3 weeks later, we realized that they are just trying to stall us, delaying us so maybe they could en-cash the other cheque that was dated a month after. I talked to them and informed them that I wasn't interested even if they find an investor for us,. I needed to get the full refund. They stopped answering my calls and emails.

After a week, they decided to answer me and said that they will give back the 70k but there is a penalty of 30k. Even the real estate agent that was willing to give back the 20k suddenly changed their mind and informed us that they won't give back the cheque because the landlord talked to them.

The total that they wanted to take from me is more than 50k when I clearly cancelled the contract less than 12 hours after our meeting./

Is this legal? I'm planning to go to rental dispute centre but I heard that I need to have proper Ejari and contract.

Could you please let me know if I should go to RDC or court? If so, what are the fees and how long does it usually take.

Hope someone could help me..

Thanks!!


----------



## TallyHo (Aug 21, 2011)

Do you have receipts and transcripts? Copies of the cheques from the bank?

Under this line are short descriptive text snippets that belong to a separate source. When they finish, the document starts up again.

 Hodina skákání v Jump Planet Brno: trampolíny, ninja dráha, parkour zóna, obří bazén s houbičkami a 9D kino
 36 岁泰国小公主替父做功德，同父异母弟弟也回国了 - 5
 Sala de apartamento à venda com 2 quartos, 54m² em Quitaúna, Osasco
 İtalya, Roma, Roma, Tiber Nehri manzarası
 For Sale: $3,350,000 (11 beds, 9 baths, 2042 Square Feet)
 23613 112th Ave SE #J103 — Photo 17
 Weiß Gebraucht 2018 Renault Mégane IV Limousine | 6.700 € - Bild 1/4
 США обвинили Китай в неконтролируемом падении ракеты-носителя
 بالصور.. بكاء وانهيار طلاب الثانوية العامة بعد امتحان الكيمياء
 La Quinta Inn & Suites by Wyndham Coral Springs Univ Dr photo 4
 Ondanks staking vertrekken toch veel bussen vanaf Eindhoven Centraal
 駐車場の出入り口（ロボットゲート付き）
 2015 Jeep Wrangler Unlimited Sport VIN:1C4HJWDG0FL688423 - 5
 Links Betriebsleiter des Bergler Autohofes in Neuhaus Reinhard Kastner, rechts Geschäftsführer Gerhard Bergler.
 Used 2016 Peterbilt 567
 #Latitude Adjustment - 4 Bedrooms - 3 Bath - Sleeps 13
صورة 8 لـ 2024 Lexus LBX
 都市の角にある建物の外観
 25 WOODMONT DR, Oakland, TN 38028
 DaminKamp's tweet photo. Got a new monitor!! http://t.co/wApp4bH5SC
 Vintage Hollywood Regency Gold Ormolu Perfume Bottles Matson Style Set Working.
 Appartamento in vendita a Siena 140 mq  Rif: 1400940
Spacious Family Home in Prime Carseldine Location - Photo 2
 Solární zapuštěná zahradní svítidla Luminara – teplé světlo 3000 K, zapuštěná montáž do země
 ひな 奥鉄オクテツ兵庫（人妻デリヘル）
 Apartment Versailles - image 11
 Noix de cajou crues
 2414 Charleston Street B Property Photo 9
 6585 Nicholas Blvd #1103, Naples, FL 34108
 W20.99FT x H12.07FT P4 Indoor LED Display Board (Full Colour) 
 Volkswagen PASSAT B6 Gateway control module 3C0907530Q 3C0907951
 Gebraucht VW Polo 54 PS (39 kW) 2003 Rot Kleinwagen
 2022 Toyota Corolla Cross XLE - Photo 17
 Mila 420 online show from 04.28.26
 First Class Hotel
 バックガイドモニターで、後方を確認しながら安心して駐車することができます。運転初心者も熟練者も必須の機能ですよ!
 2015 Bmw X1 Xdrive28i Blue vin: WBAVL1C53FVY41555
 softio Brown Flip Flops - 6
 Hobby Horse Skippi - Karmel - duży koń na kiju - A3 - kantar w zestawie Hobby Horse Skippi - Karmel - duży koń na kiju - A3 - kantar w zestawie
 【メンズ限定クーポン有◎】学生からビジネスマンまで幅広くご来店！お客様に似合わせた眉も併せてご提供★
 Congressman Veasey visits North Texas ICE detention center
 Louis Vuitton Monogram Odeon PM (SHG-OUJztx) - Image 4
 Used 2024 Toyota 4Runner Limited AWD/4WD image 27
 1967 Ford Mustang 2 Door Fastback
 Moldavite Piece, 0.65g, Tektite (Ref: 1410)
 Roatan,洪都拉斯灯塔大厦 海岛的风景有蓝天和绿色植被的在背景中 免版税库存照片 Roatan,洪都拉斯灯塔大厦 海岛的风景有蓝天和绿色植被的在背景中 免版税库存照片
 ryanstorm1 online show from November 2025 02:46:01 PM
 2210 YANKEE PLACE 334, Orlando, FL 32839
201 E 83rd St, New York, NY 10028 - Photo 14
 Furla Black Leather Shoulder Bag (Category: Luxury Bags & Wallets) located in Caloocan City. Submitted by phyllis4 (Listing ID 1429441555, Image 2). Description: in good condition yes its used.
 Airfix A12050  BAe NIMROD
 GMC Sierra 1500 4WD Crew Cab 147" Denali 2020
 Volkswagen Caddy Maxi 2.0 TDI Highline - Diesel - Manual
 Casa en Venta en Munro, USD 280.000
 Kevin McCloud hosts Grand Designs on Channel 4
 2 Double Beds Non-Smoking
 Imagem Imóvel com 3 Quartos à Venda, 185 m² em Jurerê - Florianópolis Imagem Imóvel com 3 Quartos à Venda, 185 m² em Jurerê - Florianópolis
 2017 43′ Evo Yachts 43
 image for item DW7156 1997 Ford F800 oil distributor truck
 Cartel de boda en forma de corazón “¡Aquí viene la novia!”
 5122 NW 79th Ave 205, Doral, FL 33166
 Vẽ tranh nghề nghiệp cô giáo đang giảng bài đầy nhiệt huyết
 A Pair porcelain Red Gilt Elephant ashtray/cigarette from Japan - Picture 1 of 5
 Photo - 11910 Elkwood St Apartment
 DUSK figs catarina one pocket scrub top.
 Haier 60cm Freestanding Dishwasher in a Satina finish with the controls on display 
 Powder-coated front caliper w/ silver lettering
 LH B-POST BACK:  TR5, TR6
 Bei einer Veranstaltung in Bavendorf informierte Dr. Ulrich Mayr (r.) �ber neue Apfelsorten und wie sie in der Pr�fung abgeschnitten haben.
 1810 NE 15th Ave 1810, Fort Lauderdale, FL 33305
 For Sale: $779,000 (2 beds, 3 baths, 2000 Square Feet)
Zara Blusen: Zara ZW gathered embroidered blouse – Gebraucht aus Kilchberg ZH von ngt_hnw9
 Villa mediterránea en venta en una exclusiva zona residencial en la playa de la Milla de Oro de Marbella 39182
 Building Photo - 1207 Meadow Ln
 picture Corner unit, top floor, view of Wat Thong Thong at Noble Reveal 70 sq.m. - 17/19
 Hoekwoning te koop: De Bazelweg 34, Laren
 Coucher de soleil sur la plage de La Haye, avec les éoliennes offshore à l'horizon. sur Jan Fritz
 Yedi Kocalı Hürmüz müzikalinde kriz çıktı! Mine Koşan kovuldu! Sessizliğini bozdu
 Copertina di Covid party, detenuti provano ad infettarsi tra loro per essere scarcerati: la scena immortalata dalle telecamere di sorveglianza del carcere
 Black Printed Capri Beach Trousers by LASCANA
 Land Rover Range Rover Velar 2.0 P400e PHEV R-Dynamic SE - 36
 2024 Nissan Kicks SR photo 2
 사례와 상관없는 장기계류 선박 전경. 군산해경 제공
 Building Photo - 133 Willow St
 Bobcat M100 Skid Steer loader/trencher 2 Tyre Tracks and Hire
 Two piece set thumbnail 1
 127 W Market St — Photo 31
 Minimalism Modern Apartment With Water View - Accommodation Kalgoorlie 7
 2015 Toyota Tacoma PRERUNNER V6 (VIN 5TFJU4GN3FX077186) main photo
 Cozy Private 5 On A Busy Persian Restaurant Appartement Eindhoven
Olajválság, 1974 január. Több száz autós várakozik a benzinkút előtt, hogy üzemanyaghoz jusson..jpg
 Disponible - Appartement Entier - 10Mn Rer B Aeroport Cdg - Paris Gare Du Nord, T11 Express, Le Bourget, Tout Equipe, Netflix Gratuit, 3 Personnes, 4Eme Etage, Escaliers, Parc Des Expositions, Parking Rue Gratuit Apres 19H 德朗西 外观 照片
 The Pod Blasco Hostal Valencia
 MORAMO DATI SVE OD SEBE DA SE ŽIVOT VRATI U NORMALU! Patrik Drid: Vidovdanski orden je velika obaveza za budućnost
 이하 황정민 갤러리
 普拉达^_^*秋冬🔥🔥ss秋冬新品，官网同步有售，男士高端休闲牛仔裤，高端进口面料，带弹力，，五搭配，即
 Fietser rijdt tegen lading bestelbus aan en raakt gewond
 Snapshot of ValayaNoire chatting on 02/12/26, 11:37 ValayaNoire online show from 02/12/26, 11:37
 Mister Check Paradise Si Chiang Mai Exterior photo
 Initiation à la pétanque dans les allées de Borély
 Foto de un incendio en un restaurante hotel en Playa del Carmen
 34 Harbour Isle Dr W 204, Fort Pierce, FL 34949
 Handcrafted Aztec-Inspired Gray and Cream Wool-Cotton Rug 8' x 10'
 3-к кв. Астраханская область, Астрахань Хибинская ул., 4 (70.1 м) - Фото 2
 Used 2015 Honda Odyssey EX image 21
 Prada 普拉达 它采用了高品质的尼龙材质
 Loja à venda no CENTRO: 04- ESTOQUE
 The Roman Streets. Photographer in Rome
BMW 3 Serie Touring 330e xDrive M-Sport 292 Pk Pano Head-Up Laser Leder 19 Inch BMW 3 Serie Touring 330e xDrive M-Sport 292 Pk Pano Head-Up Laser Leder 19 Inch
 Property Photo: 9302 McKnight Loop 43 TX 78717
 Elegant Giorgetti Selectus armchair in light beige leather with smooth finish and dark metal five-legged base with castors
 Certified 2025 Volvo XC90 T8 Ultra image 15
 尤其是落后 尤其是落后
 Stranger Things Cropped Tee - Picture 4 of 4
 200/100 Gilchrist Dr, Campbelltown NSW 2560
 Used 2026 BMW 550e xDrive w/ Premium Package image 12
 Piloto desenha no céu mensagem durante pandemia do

Even if you don't you need to to the police. Pronto. Don't be afraid of them. A phone call from the police to the real estate people will probably be enough. GO TO THE POLICE.


----------



## Stevesolar (Dec 21, 2012)

Hi,
You did not "cancel the contract after 12 hours" - as you don't actually have a contract.
What nationalities are the landlord and the agents along with your investors?
The reason that I ask this - this sounds like a case where you might need to involve some people with serious Wasta - as I suspect the police will not be too interested.
Best of luck
Steve


----------



## krizza (Oct 26, 2012)

TallyHo said:


> Do you have receipts and transcripts? Copies of the cheques from the bank?
> 
> Even if you don't you need to to the police. Pronto. Don't be afraid of them. A phone call from the police to the real estate people will probably be enough. GO TO THE POLICE.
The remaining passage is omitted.